The battalion posted 87 points to easily outdistance 2nd Battalion, 19th Infantry Regiment (53) and 2nd Battalion, 54th Infantry Regiment (29). In its first year at Fort Benning after moving from Fort Knox, Ky., the 2nd Battalion, 46th Infantry Regiment, grabbed fourth place with 26 points.
The annual tournament, hosted this year by the 192nd Infantry Brigade, took place Feb. 26 at Santiago Fitness Center. More than 100 cadre members from units across Sand Hill competed. The field included three females in the flyweight division and a few Soldiers from the 194th Armored Brigade.
Col. Bruce Parker and Col. Terrence McKenrick, commanders of the 198th and 192nd Infantry brigades, respectively, were among several leaders who jumped into the fray.
"It's not about the fighting. It's about being a warrior and leading by example," Parker said. "There's some camaraderie in there, too. Everybody likes to see the leaders getting after it.
"If I can drag myself out there, anybody can. To put my body through that is not pleasant, but the outcome of what we're trying to do meant more. Combatives is important for our Soldiers. It's part of our culture. It's what we do as warriors."

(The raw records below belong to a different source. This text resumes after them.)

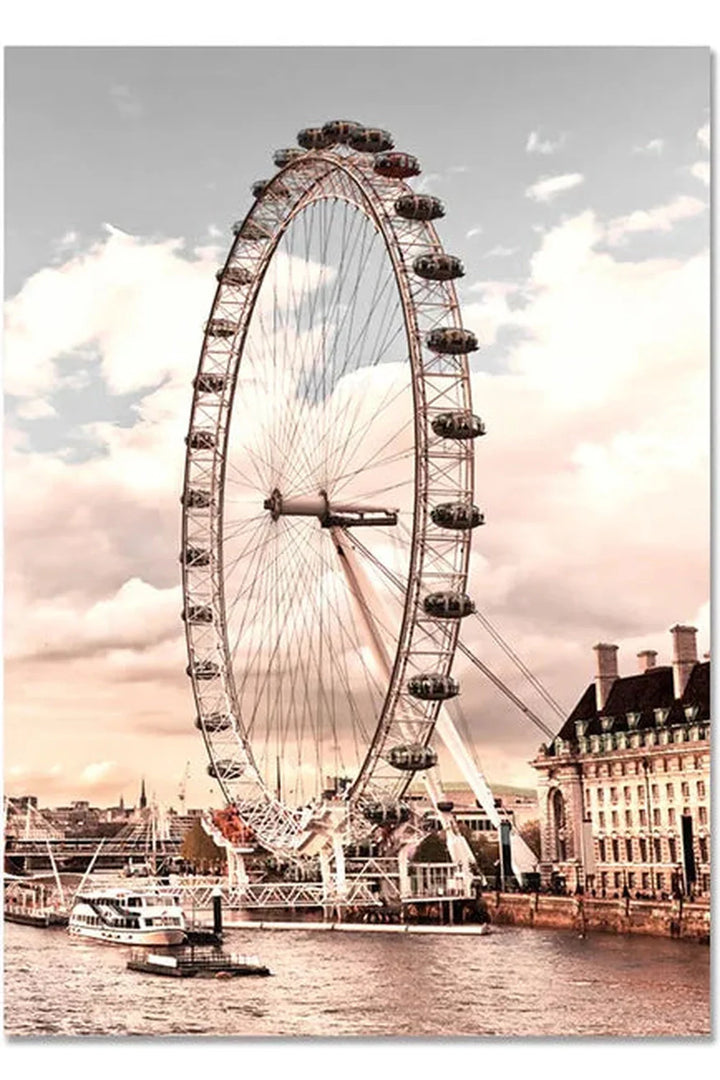 Lisslune | Landmark Canvas Poster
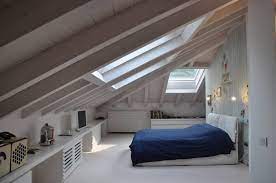 Ristrutturazione Ed Interior Design Sottotetto F Studio Dell Arch Davide Friso Camera Da Letto Moderna Homify Camera Da Letto Nel Sottotetto Stanza Da Letto Mansarda Camera Da Letto Mansarda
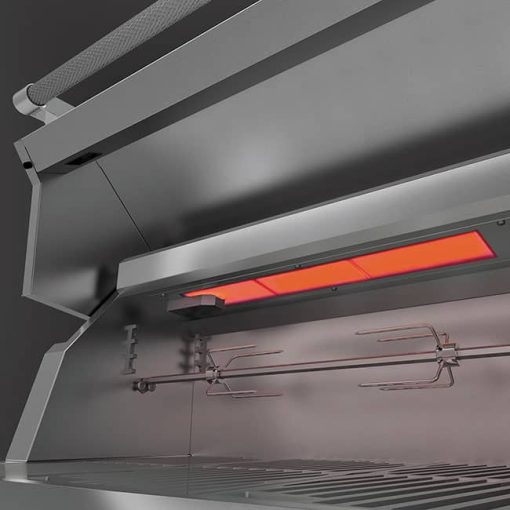 Hestan 36" Steeletto Built-In Liquid Propane Gas Grill With All Trellis Burners - Image 3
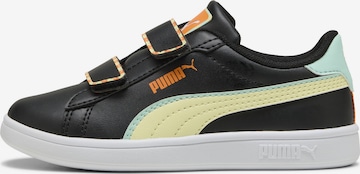 PUMA Sneakers 'Smash 3.0 Playdate' in Zwart: voorkant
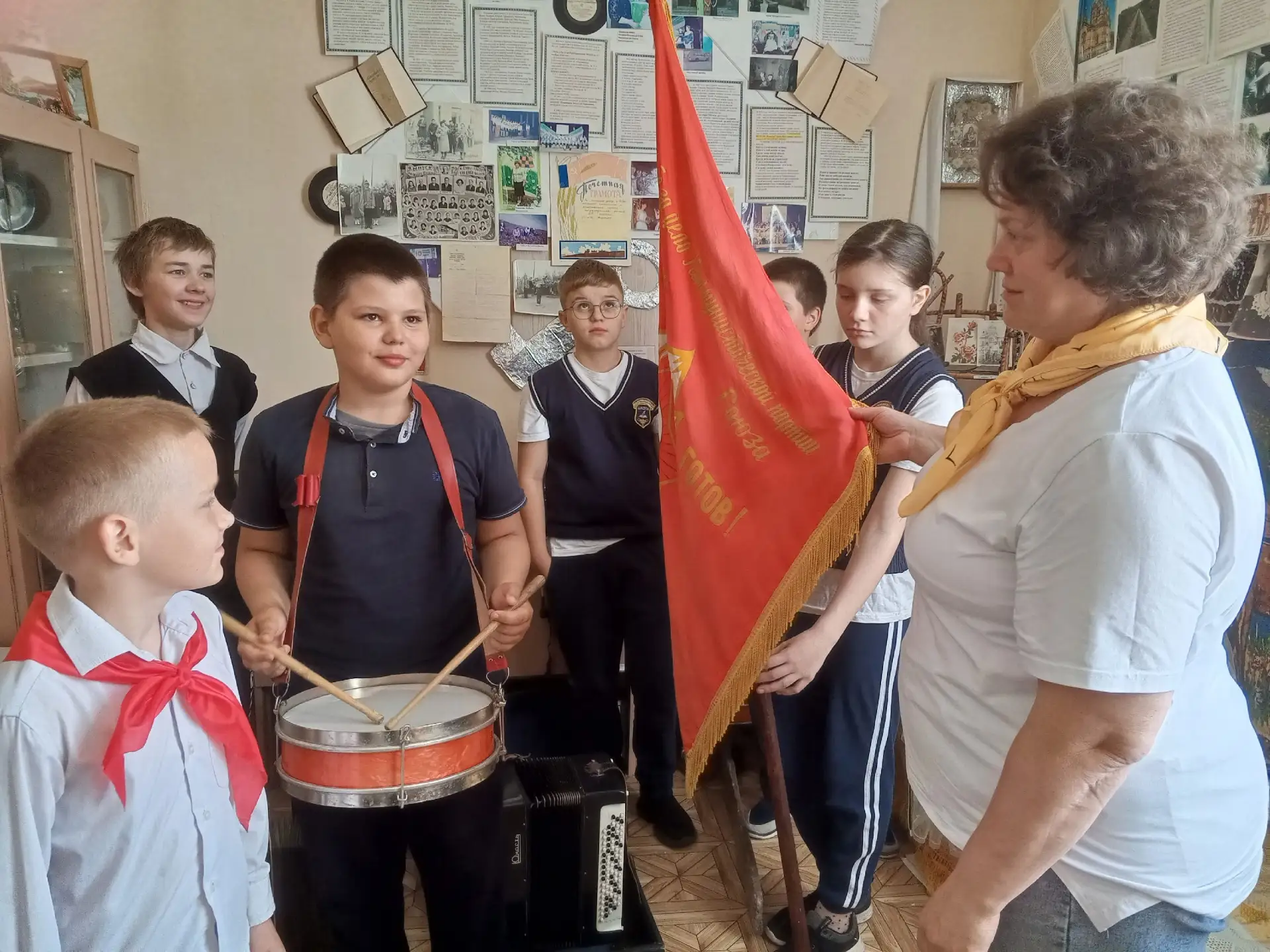 ✨Международный день музеев: праздник единства и культурного наследия

🗯18 мая 2023 года весь мир от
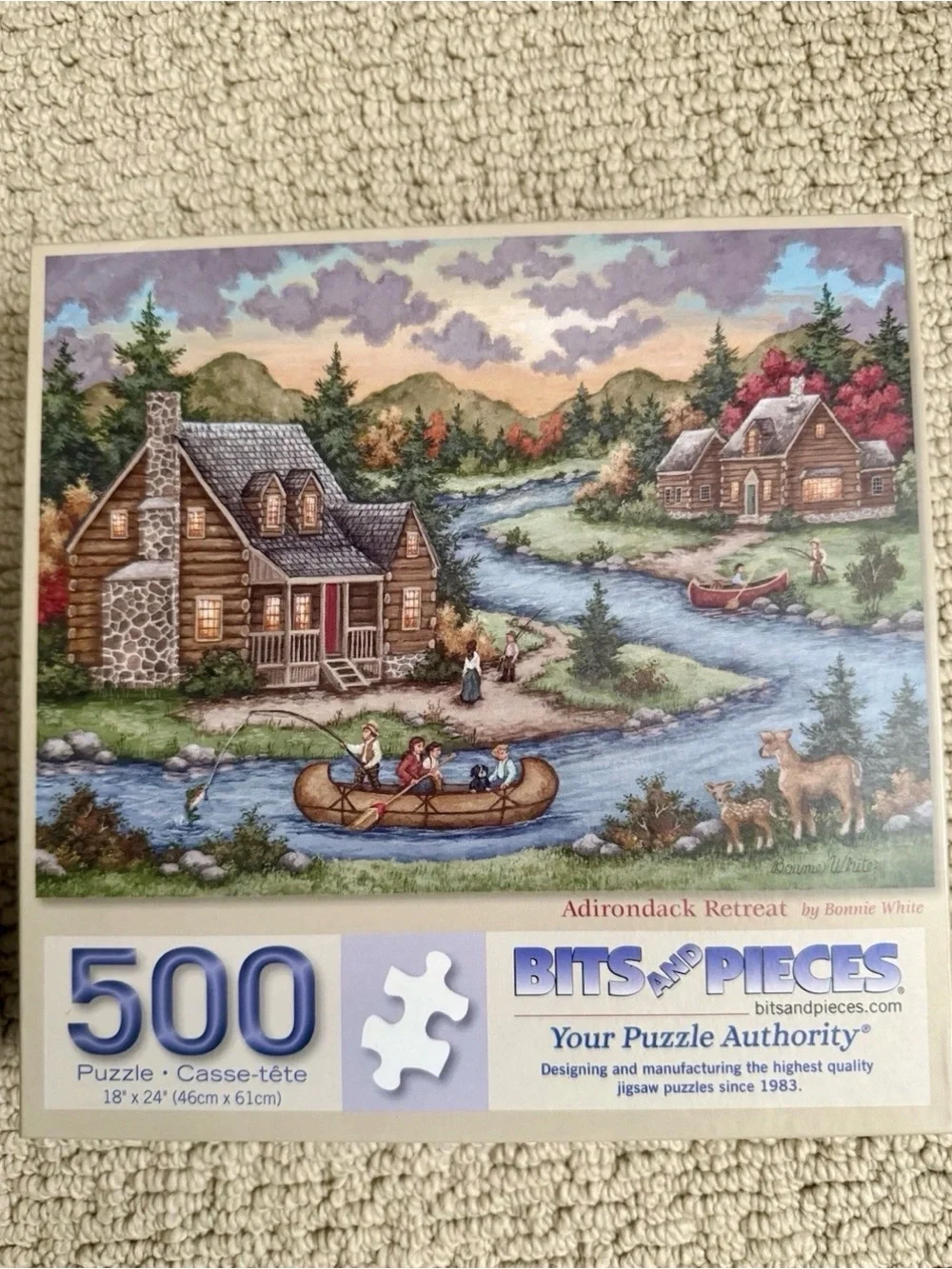 Bonnie White 500 piece puzzles lot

Parker didn't just show up, either. At 50, he won a pair of matches to pick up the lightweight title.
Initially, however, the colonel said he didn't think it was a good idea to enter a tournament in which he'd have to face guys half his age.
"But the benefits of demonstrating the warrior ethos and setting a positive example for our Soldiers outweighed the negatives," he said. "These guys are good. ... I thought I got hit by a truck (the next day). I kind of drug myself around for a week, but I healed up."
Sand Hill units also used the event as a tuneup for the MCoE Modern Army Combatives Tournament, which is May 19-20 at Smith Fitness Center. Parker said he might compete in that as well.
"This was our preparation for the MCoE tournament," he said. "It just gives the battalions an idea of their level of preparation."